The Rutgers Living History Society will present its Stephen E. Ambrose Oral History Award today to Michael and Elizabeth M. Norman, authors of the best-selling book Tears in the Darkness: the Story of the Bataan Death March and Its Aftermath (Farrar, Strauss & Giroux, 2009).  

The Rutgers Living History Society is comprised of participants in the Rutgers Oral History Archives program. At its annual meeting, the society inducts new members and presents the Stephen E. Ambrose Oral History Award

The story of the Bataan death march – the forced march of 76,000 American and Filipino prisoners of war to prisoner-of-war camps following the surrender of American and Filipino forces on the Phillpines’ Bataan Peninsula in April 1942 – has been documented by many authors since the end of World War II.  The Normans, however, spent nearly a decade interviewing hundreds of survivors and witnesses – Japanese, as well as American and Filipino – to help readers “see, smell, feel. and hear” what happened during the march, and during the successive horrors awaiting people who survived it.  

The Normans took the wealth of detail those interviews yielded and wound it around one particular story – that of Ben Steele, who survived the battle, the march and everything that came afterward to become a professor at Montana State University. 

Michael and Elizabeth Norman are both Rutgers graduates. He graduated from the Newark College of Arts and Sciences in 1972, and she from the College of Nursing the following year. Both now teach at New York University. 

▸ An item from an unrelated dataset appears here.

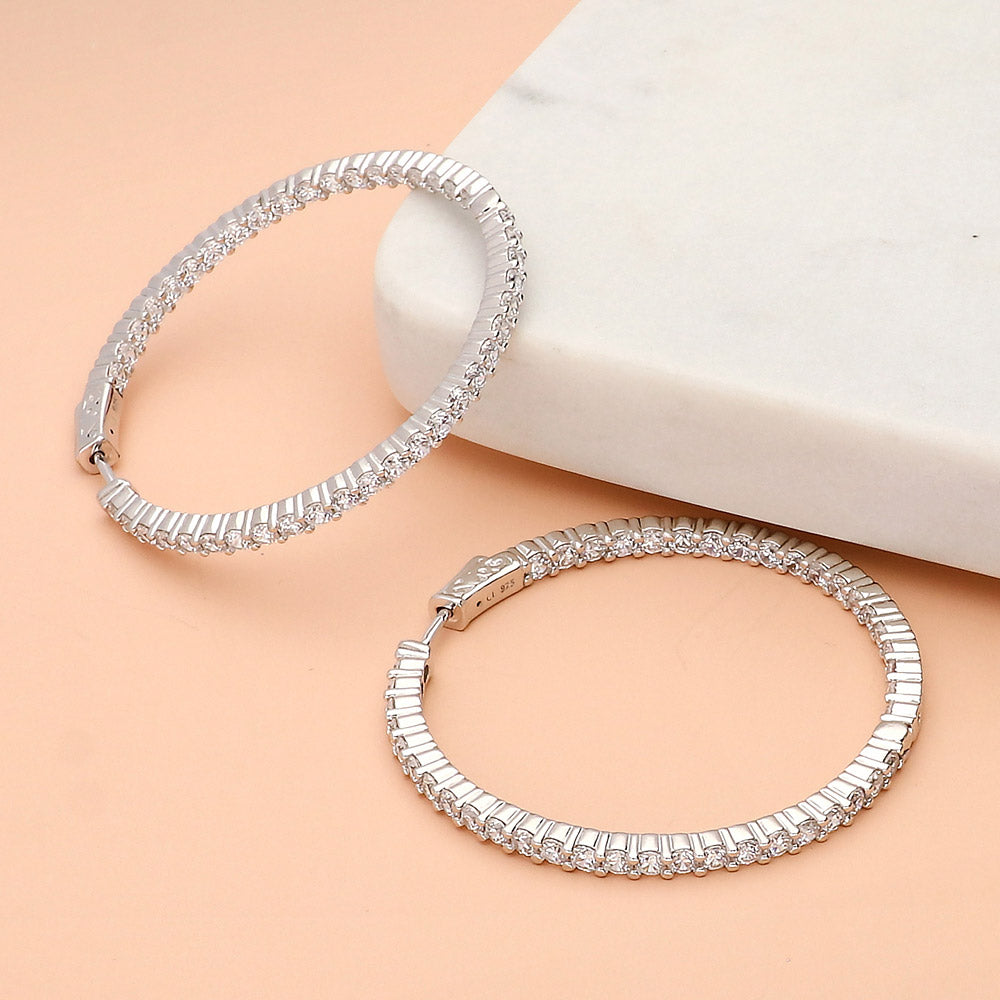 Flatlay view of CZ Large Inside-Out Hoop Earrings in Sterling Silver 1.8 inch, Rhodium Plated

The Normans join Dave Isay, the founder of StoryCorps; documentarian Ken Burns; journalist Rick Atkinson; the late journalist Studs Terkel; film maker Steven Spielberg; and broadcaster Tom Brokaw as recipients of the Stephen E. Ambrose Award. Elizabeth Norman is also the author of We Band of Angels: the Untold Story of American Nurses Trapped on Bataan by the Japanese (Random House, 1999), and Women at War: the Story of Fifty Military Nurses Who Served in Vietnam (University of Pennsylvania Press, 1990).